Thanks for the reply.

Yes. I meant the status page.

No issue with leaving it in monitoring. The issue is it never turned to “partial outage” or “outage” at any time.

So I genuinely don’t know if engineering is aware that a subset had outage - and therfore don’t know if our outage issue is an unknown secondary issue which needs to be raised separately. Latency is not the same issue as 503 / 500 status.

Hi folks, and thanks for the thoughtful and reasonable feedback you’ve provided. We especially appreciate the folks who can be kind to our Support staff even when things are going wrong.

I run the Support team at Netlify and we are in charge of customer communications during incidents. Perry is a leader on my team so everything the’ve said also reflects my opinion. Nonetheless, I take full responsibility for what was said and its impact on you and your business. I do want to start with an apology for the problematic messaging and spotty updates on this incident, and also for the increased frequency of incidents in the past month which is also reflected on our statuspage. I take personal ownership in how our service (both customer service, and our web hosting and other features) works, and I am truly, personally sorry for the impact that this had on your websites and businesses.

One of our company values is transparency, and that’s why we both have a status page and have conversations like this in public. I really and truly appreciate your feedback on the wording and do understand that it didn’t reflect your observed reality. We are not trying to hide anything, but as we could tell from our monitors and logs, the impact was truly partial across all of our services - many requests were served correctly, and some websites were served perfectly at all times due to the nature of our CDN. We attempted to reflect that status while we wrote messaging. It would have been incorrect to say that everything was completely down, because it wasn’t - the majority of our frequently served content is cached at the CDN edge and that cache continued to be served correctly. Our team is aware that yes, the impact was much higher for some customers than others, and we made the call to use generic “one size fits most” wording in the moment, which I understand is the cause of much of the dissatisfaction in this thread. We will work to improve this!
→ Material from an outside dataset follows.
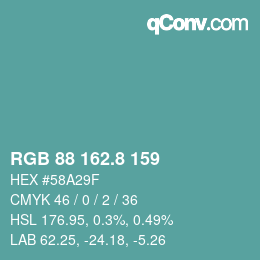 Color code: RGB 88 162.8 159 | qconv.com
So, how will we do better in the future? We have a few plans:

  1. For this and every impactful incident we have, there is always a company-wide learning review meeting during which we discuss not only what went wrong, but what we can improve and how we have worked to prevent the same problem from resurfacing. I bring feedback like what has been provided in this thread (and via twitter, and via our helpdesk) to these meetings, so your voice will be heard.
  2. As Perry mentioned, I have added a discussion point to our scheduled learning review for this incident, about how we can better (more obviously and from your point of view, correctly) classify this impact in future incidents. But, I do see your point that it seemed like “much more than a degradation” from your point of view and we can and will do better!
  3. We are always open to your suggestions. There have been some good ones in this thread but if you think “gee, if only they’d do X that nobody has mentioned yet, everything would be so much better!”: please let us know that feedback. Another one of our company values is that the best idea can come from anywhere, including our customers, so I would be happy to discuss further your suggestions for improving this and related processes in the future. I can assure you that “improve service stability” is already on the list as a top priority, so we are probably looking more at suggestions around communications than anything else, but feel free to post other ideas and we will pass them on to the relevant teams on your behalf.
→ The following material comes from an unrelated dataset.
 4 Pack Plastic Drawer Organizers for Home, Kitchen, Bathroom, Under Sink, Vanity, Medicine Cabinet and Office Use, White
I want to close by echoing what Perry had to say earlier, that this is not the level of service we intend to provide, and assure you that we are working to improve both stability and our communications with customers around problems when we miss the mark.

Please let me know if you have any remaining concerns or suggestions, and my team will be happy to discuss further and ensure that other stakeholders and decision makers in the business see any feedback which could help us improve in the future.

5 Likes

The one thing I am missing here is: “We will make sure to send out AT LEAST an email to all affected customers, the moment it’s clear that sites are down”

Hi @fool thank you for the thorough explanation.

Is it possible that there’s a gap in the logging - e.g. containers that didn’t start didn’t produce logs, or a service-connection bug stopped logs from being transported?

This would explain the gap between what you describe and what we observed.

We saw 100% of requests fail with 500-series errors (for hours).

Regarding the frustration: imagine your site goes down and your carrier refuses to acknowledge even in hindsight there is a downtime incident.

This is why I think there were failure modes you didn’t see in your charts.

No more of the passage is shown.